La pensée philosophique n’est plus fondée sur la construction de systèmes cosmogoniques, expliquant l’univers : les sophistes mettent l’homme au centre de leur réflexion. Ainsi Protagoras peut dire : « L’homme est la mesure de toutes choses. », c’est-à-dire que la connaissance et l’expérience du monde dépendent des individus et varient avec leur jugement. Donc la véritable connaissance des choses se révèle impossible. Il ne s’agit pas pour eux de rechercher une vérité essentielle, mais ce qui peut en avoir l’apparence par le raisonnement. Cette conception débouche sur un relativisme de pensée, dont un versant est l’humanisme et l’autre le scepticisme

 Ce scepticisme conduisit les sophistes à explorer les rouages du raisonnement ; car si rien ne s’impose comme vérité absolue, tout peut devenir vrai pour peu que l’on soit capable de le démontrer et/ou d’en convaincre son interlocuteur. Donc ces philosophes sont avant tout professeurs de rhétorique : aux « physiciens » succèdent les « rhétoriciens ».

 C’est ainsi que les sophistes ont été amenés à approfondir la dialectique « inventée » par Zénon d’Elée, et qui est l’art d’argumenter pour démontrer, réfuter et persuader. Pour eux une cause n’est forte que par la force convaincante des arguments qui l’étayent ; donc toute cause réputée forte, par exemple par le bon sens ou la coutume, peut devenir faible par la rhétorique et vice-versa .

Mais l’art du raisonnement nécessite une connaissance technique approfondie du langage. Or en grec ancien, tout savoir précis dans un domaine défini se nomme « sophia » (habituellement traduit par « sagesse »). Les sophistes tirent leur nom de ce terme car ils sont détenteurs d’une « sophia » du langage. La science qu’ils ont ainsi élaborée, la grammaire, ainsi que ses applications, la rhétorique et la dialectique, ont traversé les siècles en gardant les mêmes conceptions et les mêmes termes grâce à la tradition scolaire et universitaire.

Il est reconnu d’autre part que la rigueur scientifique de leur raisonnement est un des fondements de la conception moderne de l’Histoire.

Leur succès de l’époque s’est articulé sur une nouvelle façon d’envisager la vie politique à Athènes après la période de Périclès. En effet, leur enseignement fut recherché par les jeunes Athéniens désireux de faire une carrière politique et ressentant le besoin de maîtriser le langage et l’art de la persuasion.

         Leur affirmation selon laquelle tout (et son contraire) est démontrable, le fait qu’ils faisaient payer fort cher leur enseignement et l’engouement des futurs hommes politiques ont suscité des craintes et des critiques quant à leur absence de morale, qu’eux-mêmes souvent n’ont pas méritées mais que leur système portait en germe. De là vient la connotation péjorative de ce terme de « sophiste » aujourd’hui encore. C’est précisément le reproche moral que leur font Socrate et Platon.                

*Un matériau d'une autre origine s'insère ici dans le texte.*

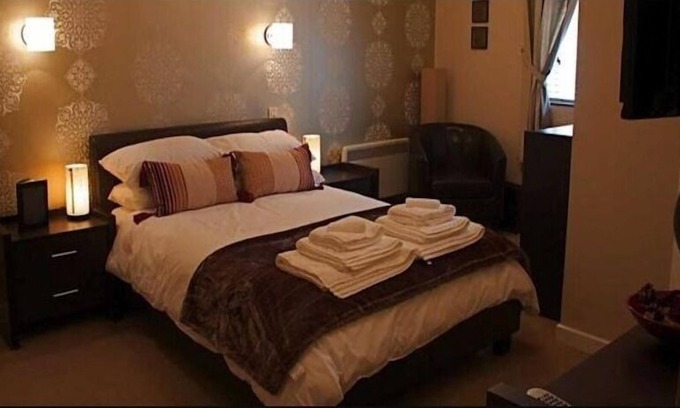 Shrewsbury Bed & Breakfast | The Old Bell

 III) LES PHILOSOPHES SOCRATIQUES

 1) Socrate (469-399 av.J.C.)

On ne peut évoquer le personnage de Socrate sans le comparer aux sophistes, dont il fut le contemporain, sophistes avec lesquels l’opinion de son époque l’amalgama mais auxquels en réalité il ne cessa de s’opposer. N’ayant lui-même rien écrit, sa pensée et sa vie ne nous sont connues qu’à travers les œuvres de trois auteurs. Dans sa comédie les Nuées, Aristophane le charge de tous les reproches que l’on pouvait faire aux sophistes. Ancien élève de Socrate, Xénophon dans son Apologie de Socrate et surtout le Banquet nous présente un personnage certainement assez proche de la réalité historique. Il est au centre de l’œuvre de Platon, son plus brillant disciple, qui reprend et prolonge la pensée de ce maître.

A la différence des sophistes, Socrate est athénien et ne quittera jamais sa ville. D’extraction modeste – son père est sculpteur et sa mère sage-femme -, il se tourne très vite vers la spéculation philosophique mais sans en tirer de rémunération, contrairement à ses rivaux.

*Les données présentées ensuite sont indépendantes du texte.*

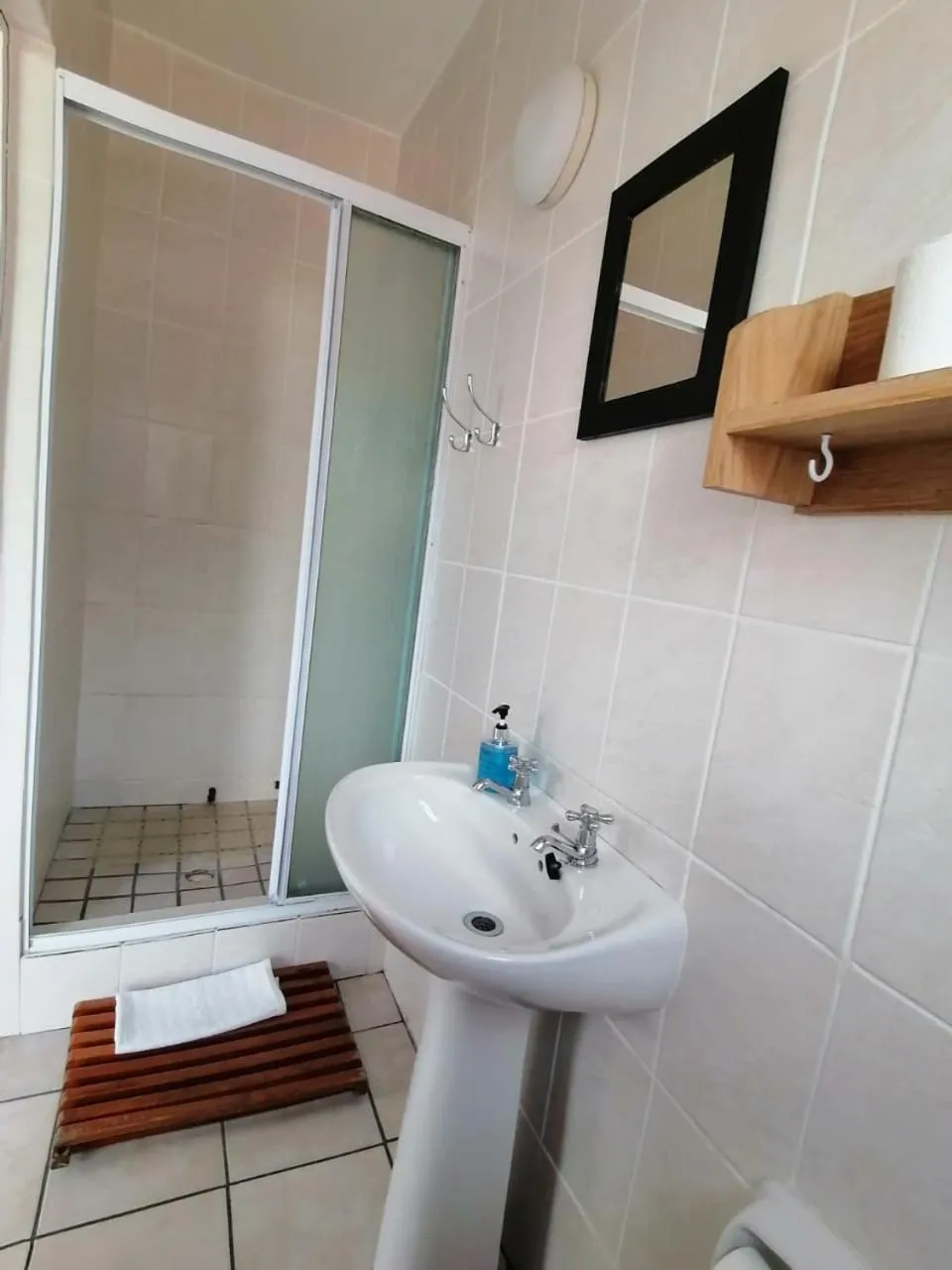 Shower in Oom Piet Accommodation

Il alliait en lui les contraires : la disgrâce  et la négligence physiques et l’exigence et la beauté morales. Exhortant ses concitoyens à rejeter l’injustice, il a lui-même, au moins à deux reprises, refusé courageusement, voire au péril de sa vie, d’accomplir, en tant que magistrat et citoyen, des ordres qu’il jugeait injustes.

Comme les sophistes, Socrate se détourne de la recherche sur la construction de l’Univers, la jugeant inutile : son intérêt se porte sur le seul objet d’étude qui soit à la portée de l’esprit humain : l’homme, c’est-à-dire la nature humaine en général et l’être humain en particulier. C’est le sens qu’il donne à la célèbre formule de Delphes qu’il a faite sienne : « Connais-toi toi-même ». Mais cette seule formule contient aussi une autre signification : se connaître soi-même signifie aussi savoir discerner ce qui est bien de ce qui est mal, et c’est en cela que Socrate s’oppose aux sophistes, puisque sa recherche a pour but exclusif le domaine moral et qu’il s’attache surtout à définir des grandes notions morales comme la justice, la piété, le bien , le courage, la tyrannie, la tempérance, l’amitié… C’est en ce sens que l’on peut parler de « révolution socratique ».

Xénophon nous présente Socrate comme un homme pieux ; Platon, un personnage plus complexe dont la conception de la religion est probablement plus abstraite que celle de la plupart de ses contemporains mais qui se réclame tout de même des dieux traditionnels, notamment Apollon.

Sa méthode d’investigation est celle d’un incessant questionneur, passant au crible de l’interrogation toutes les habitudes de pensée ; mettant ainsi son interlocuteur face à ses contradictions et ses limites et lui montrant que la vraie sagesse consiste à reconnaître dans un premier temps son ignorance (« Je ne sais qu’une seule chose, c’est que je ne sais rien ») pour se rendre capable ensuite de s’acheminer vers la difficile découverte de la vérité que chacun a en soi sans le savoir. C’est la « maïeutique », « art d’accoucher  les esprits ».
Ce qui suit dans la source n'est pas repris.